I am not a computer geek and I sure won't try something on my own on a brand new IMac. Please understand. I don;t want to fiddle around with stuff I know nothing about even if it seems easy to some. Lots of us on here want to do the easiest way without any technical jargon. Many like me, just use E Mail, post on message boards, contact friends and that is about it. Maybe order a few things on line. Bingo that is it. I don't know a Fat 32 from a Skinny 32. LOL I just want the computer to go on line when I turn it on and get my E Mail check on a few things and that is all. I believe in the KISS Method. Keep It Simple Sam.


----------



## Belfrybat (Feb 21, 2003)

I think my original request has gotten lost in the "conversation" between Arabian Night and Nevada. Is there anyone on here that can help me or point me in the right direction? I hate to buy a $50-60 program when all I need is to transfer my message folders from one computer to the other. Thanks.


----------



## Belfrybat (Feb 21, 2003)

mnn2501 said:


> Not sure why you didn't want to go with Windows7, its the best Operating System Microsoft has came out with - We've had zero problems with it so far.


Actually several computer folks have told me XP is the most stable and the most tried and true. I'm sure 7 is fine, but I prefer to stay with what I know. Plus 7 doesn't even come with an e-mail program. I'm of an age where I really prefer to stay in my comfort zone. I only use the computer for a few things, so don't need all the new bells and whistles.


----------



## arabian knight (Dec 19, 2005)

Belfrybat said:


> Actually several computer folks have told me XP is the most stable and the most tried and true. I'm sure 7 is fine, but I prefer to stay with what I know. Plus 7 doesn't even come with an e-mail program. I'm of an age where I really prefer to stay in my comfort zone. I only use the computer for a few things, so don't need all the new bells and whistles.


 Speaking about the E Mail Program. Outlook Express will be going away like the dinosaurs. And will end in the next few years. That is why Windows Live Mail has been out not for close to 3 years.
Outlook Express 6 SP3 is the latest version which is part of Windows XP SP3. Extended support for Windows XP SP3, which covers security hotfixes, will end in 2014. So MS I am sure is not paying that much attention anymore to OE.
I went to Mail Live 3 years ago when I had a PC as I had already switched to Windows Live Messenger. The end is coming for OE.


----------



## Nevada (Sep 9, 2004)

arabian knight said:


> I am not a computer geek and I sure won't try something on my own on a brand new IMac. Please understand. I don;t want to fiddle around with stuff I know nothing about even if it seems easy to some. Lots of us on here want to do the easiest way without any technical jargon. Many like me, just use E Mail, post on message boards, contact friends and that is about it. Maybe order a few things on line.

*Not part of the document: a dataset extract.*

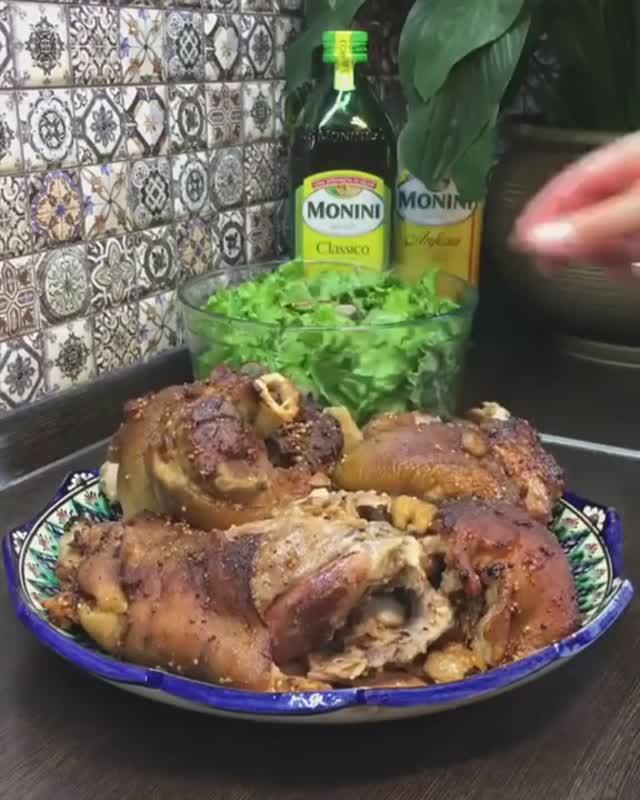 Нежная рулька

Bingo that is it. I don't know a Fat 32 from a Skinny 32. LOL I just want the computer to go on line when I turn it on and get my E Mail check on a few things and that is all. I believe in the KISS Method. Keep It Simple Sam.


No need for personalities in the computer forum.

It appears that the product you used, IntelliMover, is designed to make the job of migrating to a new computer simple. That's fine, and I'm not against that, but it does cost $30.

The thing is that a lot of people these days already have a network setup in their homes for the purpose of sharing an Internet connection. Once a home network is setup for sharing Internet, regardless of whether it's a wired or wireless network, it's a simple task to enable file sharing. In that situation, the file sharing capabilities of the network could perform the same functions that IntelliMover did for you, thereby saving $30.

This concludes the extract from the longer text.